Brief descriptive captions
-*-

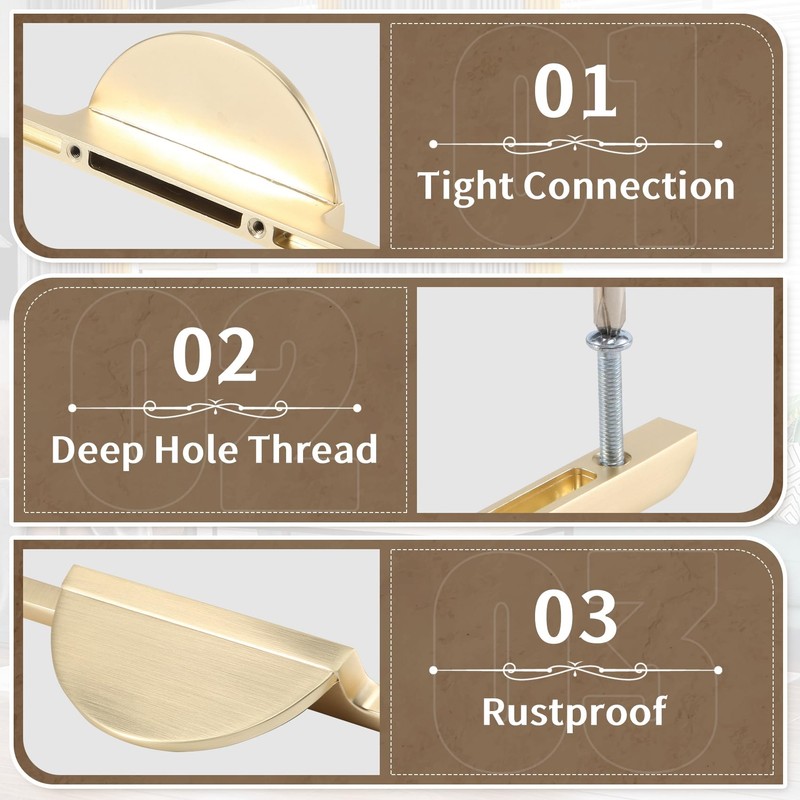 Wobekuy Pack of 2 Cabinet Handles Gold Handles for Kitchen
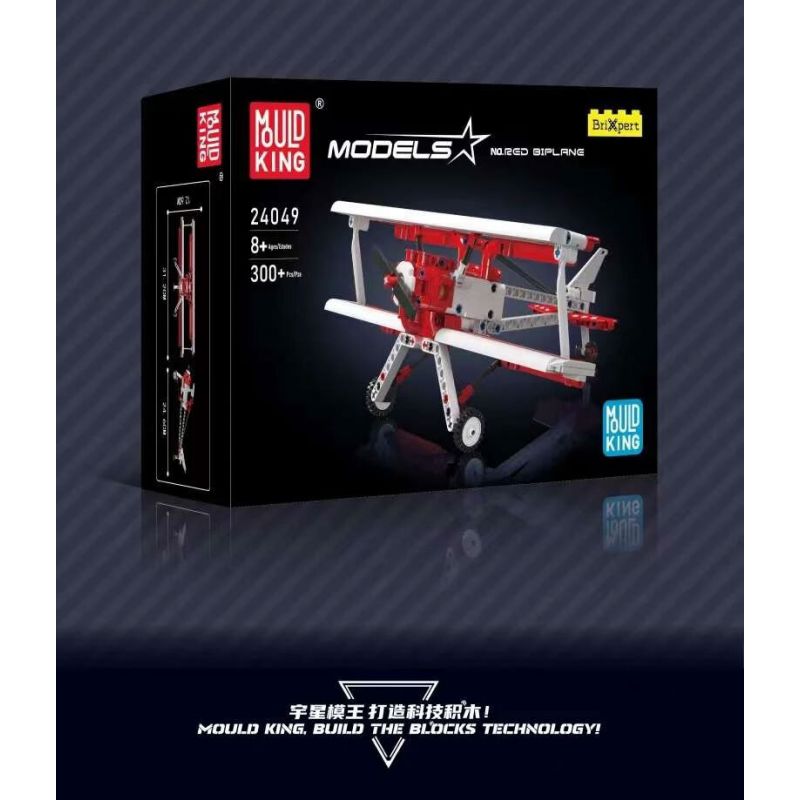 MouldKing 24049 Mould King 24049 MÁY BAY HAI CÁNH MÀU ĐỎ bộ đồ chơi xếp lắp ráp ghép mô hình Technic RED BIPLANE Kỹ Thuật Công Nghệ Cao Mô Hình Phương Tiện 300 khối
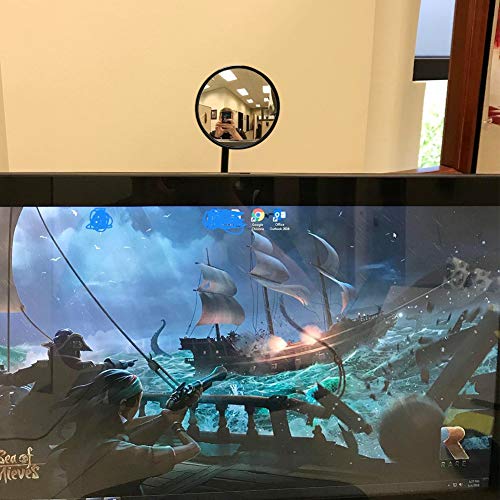 Ampper Acrylic Clip On Rear View Cubicle Mirror, Flexible Convex Security Mirror For Personal Safety Desk Rearview Monitors Or Anywhere (3.75", Round) #TOP5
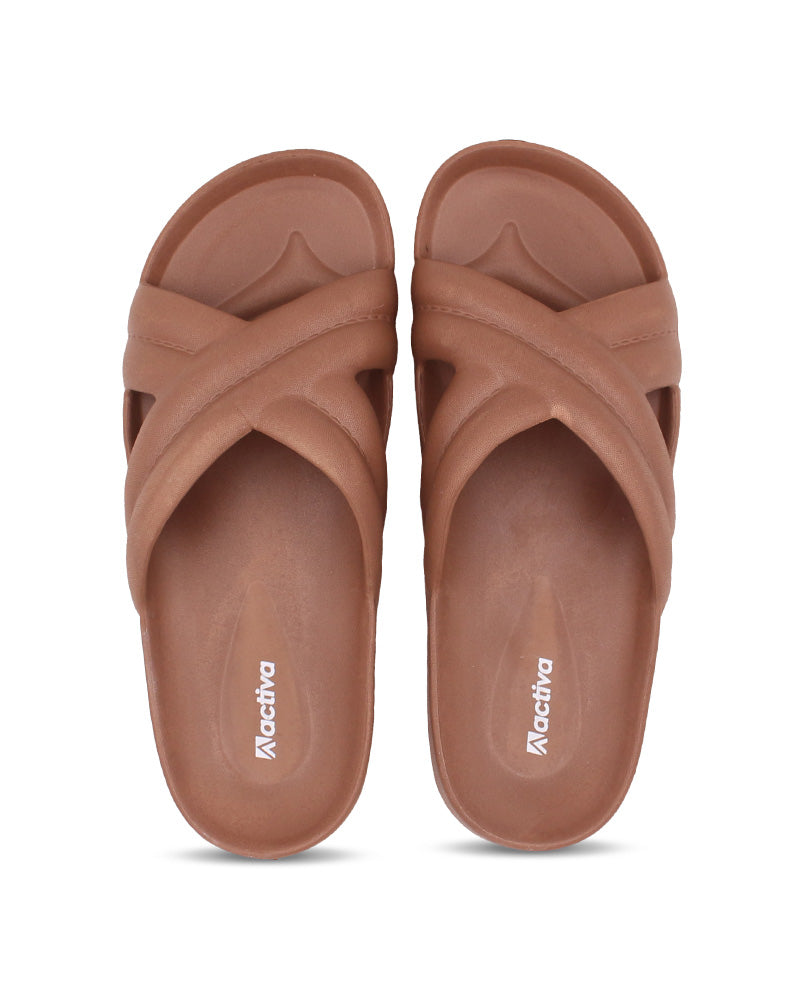 ACTIVA Slides, Stylish Cross-Design Sandals for Women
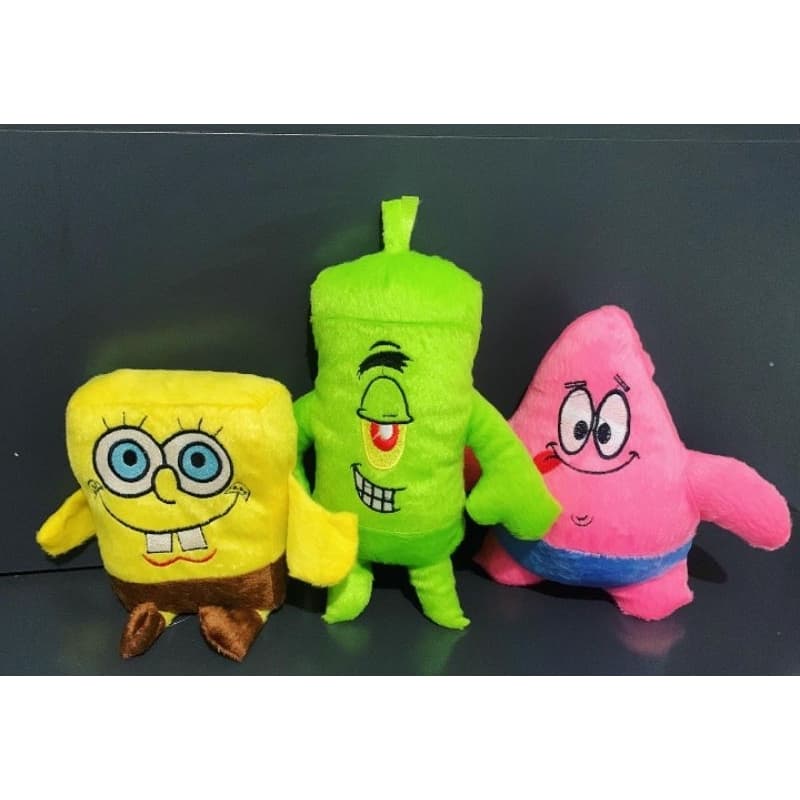 BOB ESPONJA, PATRICK E PLANKTON PELÚCIAS LINDAS E FOFAS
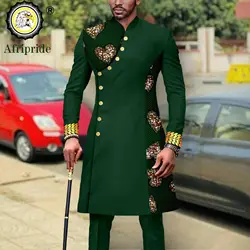 African Suit for Men Slim Fit Single Breasted Print Blazer and Pant Outfit 2 Piece Set Embroidery Coat Wedding Attire A2316060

-*-

▸ Task prompt
Each entry above must be set down word for word; none of its pictures belong in the copy.

▸ Answer for the task
 Wobekuy Pack of 2 Cabinet Handles Gold Handles for Kitchen
 MouldKing 24049 Mould King 24049 MÁY BAY HAI CÁNH MÀU ĐỎ bộ đồ chơi xếp lắp ráp ghép mô hình Technic RED BIPLANE Kỹ Thuật Công Nghệ Cao Mô Hình Phương Tiện 300 khối
 Ampper Acrylic Clip On Rear View Cubicle Mirror, Flexible Convex Security Mirror For Personal Safety Desk Rearview Monitors Or Anywhere (3.75", Round) #TOP5
 ACTIVA Slides, Stylish Cross-Design Sandals for Women
 BOB ESPONJA, PATRICK E PLANKTON PELÚCIAS LINDAS E FOFAS
 African Suit for Men Slim Fit Single Breasted Print Blazer and Pant Outfit 2 Piece Set Embroidery Coat Wedding Attire A2316060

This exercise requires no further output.